Is Corporate Experimentation Really Praiseworthy?

Introduction

In her article Two Cheers for Corporate Experimentation: The A/B Illusion and the Virtues of Data-Driven Innovation¹, Michelle Meyer defends the ethical status of corporate experimentation (or A/B testing), claiming that this practice is not only morally permissible, but in fact preferable to the alternative (in at least some cases) on account of the welfare gains it may confer for users.

In this essay, I argue that while Meyer is correct that A/B testing is morally permissible in some cases (contrary to wholesale critics), she overstates the moral praiseworthiness of the practice. I claim, instead, that A/B testing in and of itself should be viewed as morally neutral, and that corporations should be ethically evaluated (and perhaps regulated) based on how and not whether they deploy this practice.

The A/B Testing Illusion & the Moral Permissibiilty of Corporate Experimentation

Meyer outlines her ethical defense of A/B testing in the opening sections of Two Cheers for Corporate Experimentation. She explains that when corporate changes are A/B tested, this allows them a “far greater chance of being discovered to be unsafe or ineffective [for users]”. If corporations act appropriately on such findings (or share them publicly), A/B testing can thus lead to “substantial welfare gains” for users. This is in contrast to conventional approaches to corporate innovation, in which corporations simply implement a preferred change “by fiat”, retaining little ability to understand the causal impact of the change².

In Meyer’s view, the practitioner who A/B tests is thus better positioned for what she calls “responsible innovation”³. Since A/B testing can deliver a precise understanding of the impact that changes have on users, companies that experiment can better respect their users’ best interests (or at least share findings so that users can make informed decisions). Through this lens, it is in fact the practitioner who implements changes without testing who is comparatively unethical: exploiting her power over users to unilaterally implement changes that are believed to be in the company’s best interests, while undertaking no effort to rigorously understand the true impact of the change on user welfare.

Meyer believes that critics of corporate experimentation have been misled by what she calls the “A/B testing illusion” or “the tendency to focus on the experiment in the foreground rather than the ongoing practice that exists in the background”⁴. In short, critics have overreacted to the “risk, uncertainty and power asymmetries” involved in companies experimentally comparing A to B, while ignoring that the alternative is either (i) the unilateral implementation of B without evidence, or (ii) the continued adherence to the baseline A, which was itself unilaterally implemented without evidence in the past, and thus is not morally privileged⁵.

Ultimately, although Meyer does not defend A/B testing in all cases, she does conclude based on the above considerations that it has much to recommend it, at least when certain criteria are met (e.g. risks to users are minimal, welfare gains are localized to those exposed to test). As she puts in the conclusion of a New York Times op-ed on the subject⁶:

… as long as we permit those in power to make unilateral choices that affect us, we shouldn’t thwart low-risk efforts, like those of Facebook and OkCupid, to rigorously determine the effects of those choices. Instead, we should cast off the A/B illusion and applaud them.

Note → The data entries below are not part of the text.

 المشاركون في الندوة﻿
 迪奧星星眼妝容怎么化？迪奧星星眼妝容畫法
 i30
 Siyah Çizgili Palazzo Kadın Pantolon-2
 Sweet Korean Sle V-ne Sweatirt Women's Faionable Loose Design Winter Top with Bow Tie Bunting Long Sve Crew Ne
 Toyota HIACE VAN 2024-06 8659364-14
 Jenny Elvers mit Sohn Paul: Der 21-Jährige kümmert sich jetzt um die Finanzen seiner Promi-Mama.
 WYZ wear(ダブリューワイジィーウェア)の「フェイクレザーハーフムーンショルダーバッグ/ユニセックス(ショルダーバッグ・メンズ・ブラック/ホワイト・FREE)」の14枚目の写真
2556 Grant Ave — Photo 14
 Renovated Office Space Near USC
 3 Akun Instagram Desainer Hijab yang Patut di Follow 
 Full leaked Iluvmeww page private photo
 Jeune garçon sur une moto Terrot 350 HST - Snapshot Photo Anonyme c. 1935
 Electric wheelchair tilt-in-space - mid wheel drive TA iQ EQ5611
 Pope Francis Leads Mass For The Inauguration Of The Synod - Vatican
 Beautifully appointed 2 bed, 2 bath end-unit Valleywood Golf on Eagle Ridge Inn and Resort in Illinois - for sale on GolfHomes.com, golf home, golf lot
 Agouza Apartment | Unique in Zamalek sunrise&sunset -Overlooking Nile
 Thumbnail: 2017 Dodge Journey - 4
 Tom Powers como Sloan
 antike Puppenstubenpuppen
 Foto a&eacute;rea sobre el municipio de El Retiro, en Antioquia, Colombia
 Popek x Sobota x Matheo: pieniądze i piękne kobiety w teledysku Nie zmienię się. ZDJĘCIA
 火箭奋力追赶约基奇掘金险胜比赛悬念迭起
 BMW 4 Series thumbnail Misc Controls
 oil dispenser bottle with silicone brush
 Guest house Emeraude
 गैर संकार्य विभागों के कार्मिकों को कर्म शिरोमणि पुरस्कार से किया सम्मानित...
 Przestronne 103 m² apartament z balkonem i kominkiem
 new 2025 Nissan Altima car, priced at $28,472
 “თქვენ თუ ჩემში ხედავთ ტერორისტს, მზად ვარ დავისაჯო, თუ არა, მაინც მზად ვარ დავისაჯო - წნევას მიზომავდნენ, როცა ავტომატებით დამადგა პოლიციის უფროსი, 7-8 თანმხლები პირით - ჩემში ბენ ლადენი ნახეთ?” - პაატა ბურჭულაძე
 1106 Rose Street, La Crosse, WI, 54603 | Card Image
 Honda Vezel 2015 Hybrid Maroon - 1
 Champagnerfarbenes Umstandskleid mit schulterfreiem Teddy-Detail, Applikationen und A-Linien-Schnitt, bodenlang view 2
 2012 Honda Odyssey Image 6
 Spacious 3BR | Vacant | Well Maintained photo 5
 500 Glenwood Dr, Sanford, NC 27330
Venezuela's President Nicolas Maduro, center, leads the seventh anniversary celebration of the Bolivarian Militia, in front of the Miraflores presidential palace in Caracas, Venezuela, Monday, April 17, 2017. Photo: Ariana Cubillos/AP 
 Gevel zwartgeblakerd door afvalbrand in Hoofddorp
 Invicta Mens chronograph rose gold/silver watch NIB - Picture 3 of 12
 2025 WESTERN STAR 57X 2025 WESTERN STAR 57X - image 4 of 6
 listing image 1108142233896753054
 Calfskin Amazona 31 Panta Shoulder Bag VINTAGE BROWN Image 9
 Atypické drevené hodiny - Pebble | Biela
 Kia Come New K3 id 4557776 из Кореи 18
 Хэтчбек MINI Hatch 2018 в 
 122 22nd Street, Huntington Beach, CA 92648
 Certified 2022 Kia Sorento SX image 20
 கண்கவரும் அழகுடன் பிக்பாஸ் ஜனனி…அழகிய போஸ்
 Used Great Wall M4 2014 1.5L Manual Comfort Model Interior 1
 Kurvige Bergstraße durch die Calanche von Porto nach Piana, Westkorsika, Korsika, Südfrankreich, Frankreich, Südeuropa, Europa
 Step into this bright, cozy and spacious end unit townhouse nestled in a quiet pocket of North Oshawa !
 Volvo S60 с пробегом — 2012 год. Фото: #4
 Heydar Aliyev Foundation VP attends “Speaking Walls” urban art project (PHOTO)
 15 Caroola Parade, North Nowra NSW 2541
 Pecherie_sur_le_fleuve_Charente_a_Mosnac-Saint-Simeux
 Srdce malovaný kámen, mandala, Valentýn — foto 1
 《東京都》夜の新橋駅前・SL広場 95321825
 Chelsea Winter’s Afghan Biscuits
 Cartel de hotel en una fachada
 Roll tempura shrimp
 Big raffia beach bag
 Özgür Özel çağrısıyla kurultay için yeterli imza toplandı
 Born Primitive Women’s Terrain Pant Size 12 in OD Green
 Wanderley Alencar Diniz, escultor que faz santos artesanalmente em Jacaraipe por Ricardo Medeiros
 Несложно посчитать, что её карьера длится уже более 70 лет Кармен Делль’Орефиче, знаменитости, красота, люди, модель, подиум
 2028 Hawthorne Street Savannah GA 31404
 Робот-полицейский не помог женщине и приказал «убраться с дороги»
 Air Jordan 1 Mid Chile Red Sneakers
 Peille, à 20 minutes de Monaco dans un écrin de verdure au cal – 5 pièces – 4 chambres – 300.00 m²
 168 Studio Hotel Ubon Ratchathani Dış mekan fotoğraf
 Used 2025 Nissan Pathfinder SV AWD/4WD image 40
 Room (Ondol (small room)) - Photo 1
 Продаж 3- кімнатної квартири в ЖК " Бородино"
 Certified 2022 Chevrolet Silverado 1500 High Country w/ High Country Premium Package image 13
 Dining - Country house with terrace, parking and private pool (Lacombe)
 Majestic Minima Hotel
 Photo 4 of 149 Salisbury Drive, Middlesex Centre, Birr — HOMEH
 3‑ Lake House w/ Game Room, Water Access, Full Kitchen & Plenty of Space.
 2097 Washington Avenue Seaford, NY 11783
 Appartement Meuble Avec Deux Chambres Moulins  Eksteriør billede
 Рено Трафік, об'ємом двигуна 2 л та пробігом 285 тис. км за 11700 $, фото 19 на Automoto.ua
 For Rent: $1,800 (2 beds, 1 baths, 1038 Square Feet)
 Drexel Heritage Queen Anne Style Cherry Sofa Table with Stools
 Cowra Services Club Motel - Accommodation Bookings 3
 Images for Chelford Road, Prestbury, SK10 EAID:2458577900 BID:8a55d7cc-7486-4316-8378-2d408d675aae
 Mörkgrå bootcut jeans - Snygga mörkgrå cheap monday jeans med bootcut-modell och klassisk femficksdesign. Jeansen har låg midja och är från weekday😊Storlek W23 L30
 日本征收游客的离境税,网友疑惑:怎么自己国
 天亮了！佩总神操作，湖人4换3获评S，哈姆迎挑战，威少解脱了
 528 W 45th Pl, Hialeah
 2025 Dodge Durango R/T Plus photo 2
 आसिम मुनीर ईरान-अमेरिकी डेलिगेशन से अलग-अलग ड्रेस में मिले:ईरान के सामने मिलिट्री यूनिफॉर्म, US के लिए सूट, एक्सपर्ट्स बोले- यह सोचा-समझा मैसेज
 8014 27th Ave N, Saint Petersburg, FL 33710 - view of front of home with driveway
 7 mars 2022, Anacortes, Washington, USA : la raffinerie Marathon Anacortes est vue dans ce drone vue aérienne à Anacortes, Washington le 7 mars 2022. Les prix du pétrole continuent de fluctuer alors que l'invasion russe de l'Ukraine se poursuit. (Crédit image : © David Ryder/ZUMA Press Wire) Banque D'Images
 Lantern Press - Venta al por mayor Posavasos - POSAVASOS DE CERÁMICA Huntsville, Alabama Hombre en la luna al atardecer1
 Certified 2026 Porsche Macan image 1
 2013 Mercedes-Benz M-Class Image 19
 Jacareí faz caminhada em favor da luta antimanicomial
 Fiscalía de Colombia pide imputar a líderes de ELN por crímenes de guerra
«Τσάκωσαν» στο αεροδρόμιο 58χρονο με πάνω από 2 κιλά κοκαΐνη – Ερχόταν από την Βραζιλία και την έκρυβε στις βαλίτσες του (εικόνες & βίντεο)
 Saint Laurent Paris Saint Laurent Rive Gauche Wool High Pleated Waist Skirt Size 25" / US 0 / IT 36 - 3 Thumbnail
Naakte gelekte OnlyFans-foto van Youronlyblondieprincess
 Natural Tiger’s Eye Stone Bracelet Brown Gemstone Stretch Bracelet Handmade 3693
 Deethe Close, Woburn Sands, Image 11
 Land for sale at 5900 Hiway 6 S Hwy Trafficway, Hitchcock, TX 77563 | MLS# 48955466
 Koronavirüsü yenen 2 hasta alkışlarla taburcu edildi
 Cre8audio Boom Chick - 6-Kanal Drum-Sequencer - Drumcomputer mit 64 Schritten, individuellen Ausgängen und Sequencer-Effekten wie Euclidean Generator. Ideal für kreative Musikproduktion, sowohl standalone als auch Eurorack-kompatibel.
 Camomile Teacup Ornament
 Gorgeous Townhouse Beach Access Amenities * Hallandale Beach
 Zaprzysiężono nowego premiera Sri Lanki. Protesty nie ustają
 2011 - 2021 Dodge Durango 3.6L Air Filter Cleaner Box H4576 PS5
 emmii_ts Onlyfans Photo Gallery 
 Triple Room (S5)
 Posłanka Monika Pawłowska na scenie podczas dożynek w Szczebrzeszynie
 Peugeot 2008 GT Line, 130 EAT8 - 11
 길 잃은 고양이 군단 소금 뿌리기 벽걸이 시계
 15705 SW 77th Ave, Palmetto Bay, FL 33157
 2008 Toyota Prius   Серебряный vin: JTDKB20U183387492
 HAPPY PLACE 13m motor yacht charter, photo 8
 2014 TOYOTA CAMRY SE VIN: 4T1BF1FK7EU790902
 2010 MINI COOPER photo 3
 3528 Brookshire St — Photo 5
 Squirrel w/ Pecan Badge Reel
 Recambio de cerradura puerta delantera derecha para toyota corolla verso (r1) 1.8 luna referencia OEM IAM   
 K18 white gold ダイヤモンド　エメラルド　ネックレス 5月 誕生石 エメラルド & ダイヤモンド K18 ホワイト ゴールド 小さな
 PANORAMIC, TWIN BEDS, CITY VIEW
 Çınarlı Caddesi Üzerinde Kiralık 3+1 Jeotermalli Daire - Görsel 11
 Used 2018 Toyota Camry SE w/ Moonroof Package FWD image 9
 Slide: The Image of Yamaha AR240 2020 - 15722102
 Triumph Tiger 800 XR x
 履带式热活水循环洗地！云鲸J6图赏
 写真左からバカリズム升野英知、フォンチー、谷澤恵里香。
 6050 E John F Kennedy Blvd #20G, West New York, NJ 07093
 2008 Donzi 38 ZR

Is Corporate Experimentation Really Praiseworthy?

Meyer is right to highlight the A/B testing illusion, and is correct in her defense of corporate experimentation against those who would reject it based on the view that all human experimentation is “inherently dangerous … [and that its pursuit] without informed consent is absolutely unethical”⁷. Indeed, as Meyer points out, insofar as we are comfortable with companies unilaterally implementing some change B without evidence, there is little ground to criticize the firm that prefers to test it against the baseline A first. As Meyer points out, there is no additional risk or exploitation involved in the latter case; thus, insofar as we are comfortable with the former, we ought to be comfortable with the latter as well.

However, Meyer also makes a stronger claim: namely, that A/B testing is actually a more responsible approach to corporate innovation, and is thus morally-preferable and worthy of applause. As noted above, this claim is based on the premise that A/B testing leads to a “far greater chance of [changes] being discovered to be unsafe or ineffective [for users]” and can thus yield “substantial welfare gains” for those users if results are shared or acted on. But does A/B testing really lead to welfare gains for users? And if it does, does this necessarily make it worthy of moral applause? We investigate these questions in the remainder of this essay.

When corporate and user interests are aligned, users will generally benefit from A/B testing. For example, when Airbnb builds a new search algorithm, the algorithm is valuable to Airbnb only insofar as it does a better job of matching guests with homes that are a good fit for their travel plans. Since users come to Airbnb with precisely this goal in mind, corporate and user interests are fully aligned. Thus, if Airbnb uses A/B testing to optimize its search algorithm and maximize the chance of a match occurring, users benefit (on average) by having an easier time planning a trip. Moreover, since A/B testing allows Airbnb to do this optimization in a more rigorous and data-driven way, users actually benefit more in the world Airbnb experiments than in the world where Airbnb does not. In short, A/B testing leads to an increase in user welfare in cases like this where corporate and user interests are aligned. In Two Cheers, Meyer explores a similar example that involves OkCupid experimenting to understand the effectiveness of its matching algorithm, a question that likewise aligns corporate and user interests⁸.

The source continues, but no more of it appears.